In May 2015 two gunmen attacked an antianiconist event in Texas where a $10,000 prize was offered for the “best” depiction of Muhammad. One person was injured before the gunmen were killed by police. And, of course, on January 7, 2015, two brothers, French-born sons of Algerian immigrants, massacred the staff of Charlie Hebdo, killing twelve.
EXAMPLE 2
In the Battle of Gettysburg fierce fighting occurred between the Union First Minnesota Volunteer Infantry and Confederate Twenty-eighth Virginia Volunteer Infantry Regiment.1 At one point Confederate soldier John Eakin, carrying the regimental flag of the Twenty-eighth Virginia, was shot three times (a typical fate of soldiers carrying the colors, who were preferential targets). Mortally wounded, Eakin handed the flag to a comrade, who was promptly killed. The flag was then taken up and displayed by Colonel Robert Allen, who was soon killed, then by Lieutenant John Lee, who was soon injured. A Union soldier, attempting to seize the colors, was killed by Confederates. Finally Private Marshall Sherman of the First Minnesota captured the flag, along with Lee.
EXAMPLES 3, 4, AND 5
In mid-2015 Tavin Price, a mentally challenged nineteen-year-old, was killed by gangbangers in Los Angeles for wearing red shoes, a rival gang’s color. His dying words, in front of his mother, were “Mommy, please. I don’t want to die. Mommy, please”.

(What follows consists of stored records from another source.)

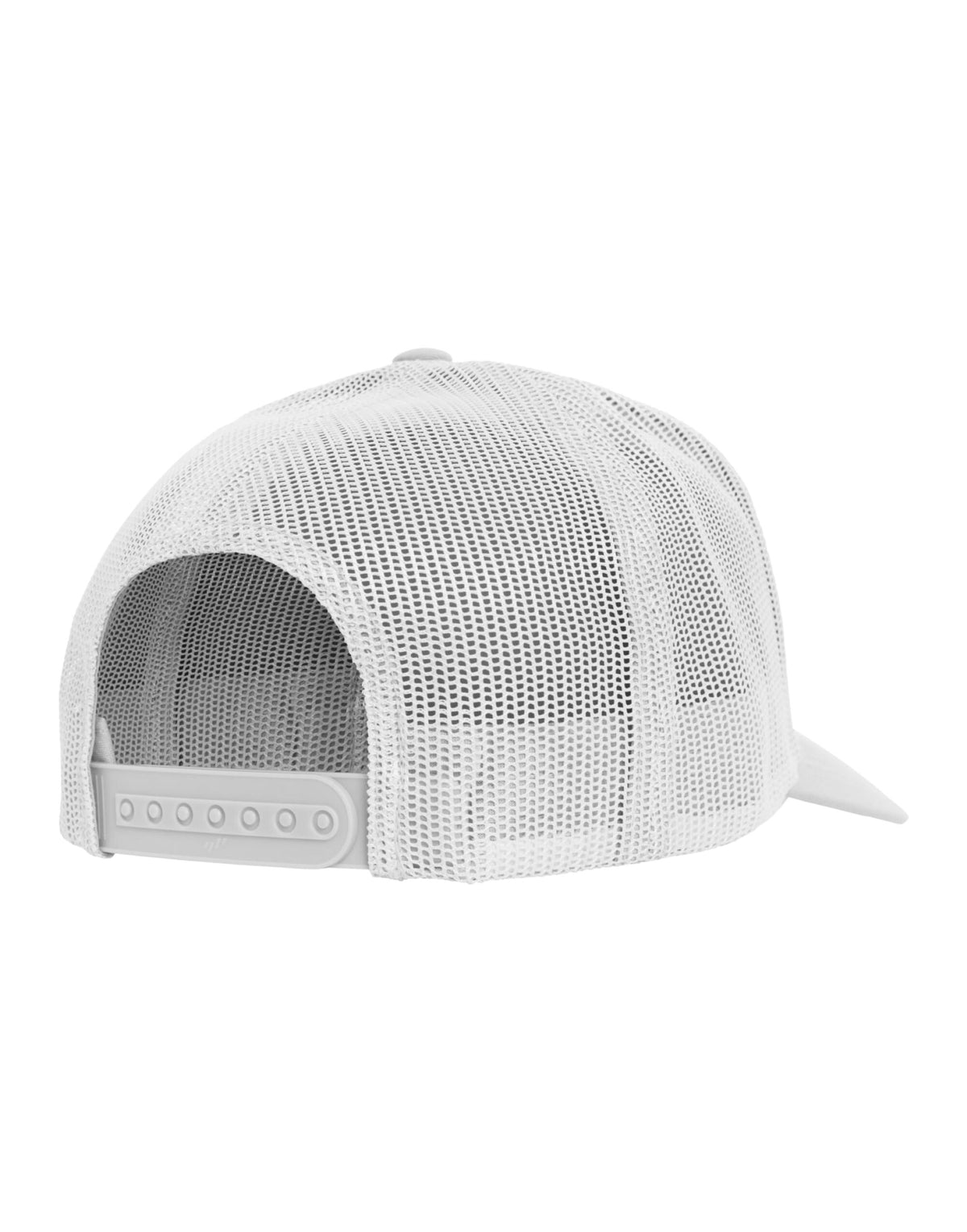 Flexfit 6606CF Retro Trucker Colored Front - Silver/White/Silver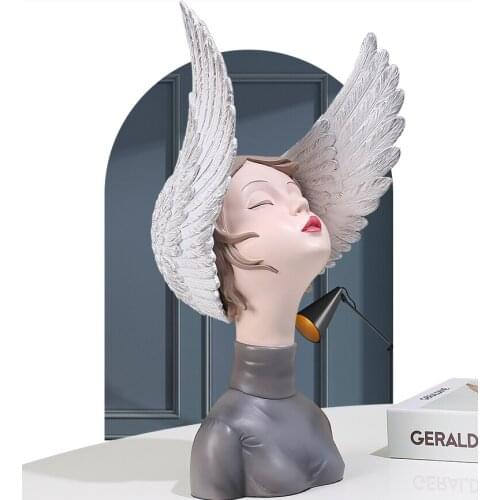 European Style Living Room Resin Home Decoration TV Cabinet Desktop Decoration Modern Creative Wings Home Decoration Decoration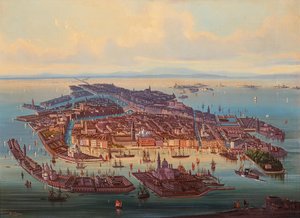 Luftaufnahme von Venedig, 1867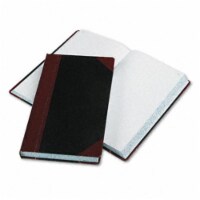 Boorum &amp; Pease  Record/Account Book- Record Rule- Black/Red- 500 Pages- 14 1/8 x 8 5/8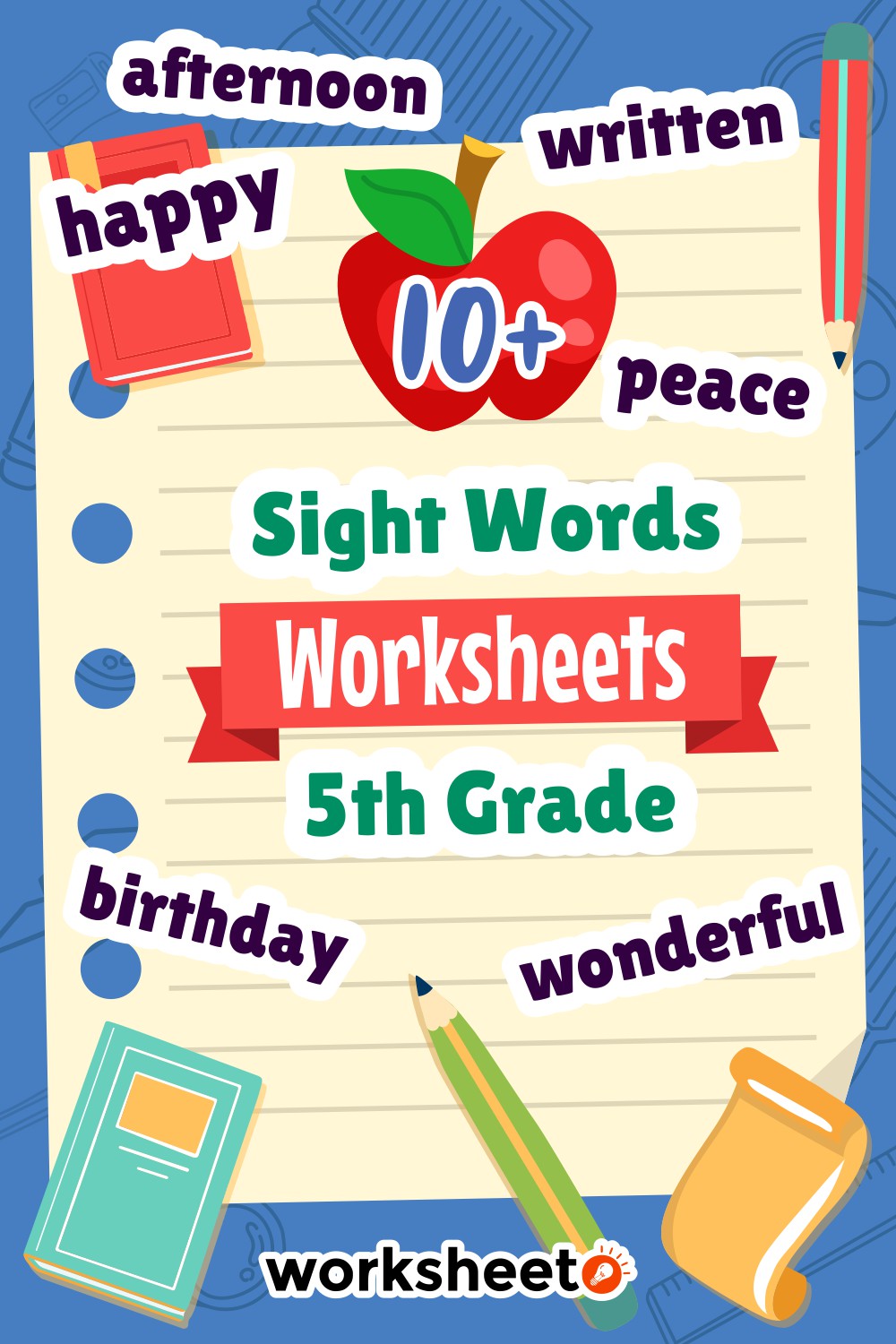 Sight Words Worksheets 5th Grade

In October 1980 Irish Republican prisoners at the Maze Prison in Northern Ireland began a hunger strike protesting, among other things, their being denied political-prisoner status by having to wear prison garb. The British government acceded to their demands as a first prisoner slipped into a coma fifty-three days later. In a similar strike a year later in the Maze, ten Irish political prisoners starved themselves to death over forty-six to seventy-three days.
By 2010 karaoke clubs throughout the Philippines had removed the Frank Sinatra song “My Way” from their playlists because of violent responses to the singing of it, including a dozen killings. Some of the “‘My Way’ killings” were due to poor renditions (which apparently often results in killings), but most were thought linked to the macho lyrics. “‘I did it my way’—it’s so arrogant.
The lyrics evoke feelings of pride and arrogance in the singer, as if you’re somebody when you’re really nobody. It covers up your failures. “That’s why it leads to fights,” explained the owner of a singing school in Manila to the New York Times.
In other words, people are willing to kill or be killed over a cartoon, a flag, a piece of clothing, a song. We have some explaining to do.
Throughout this book we’ve repeatedly gained insights into humans by examining other species. Some of the time the similarities have been most pertinent—dopamine is dopamine in a human or a mouse. Sometimes the interesting thing is our unique use of the identical substrate—dopamine facilitates a mouse’s pressing of a lever in the hopes of getting some food and a human’s praying in the hopes of entering heaven.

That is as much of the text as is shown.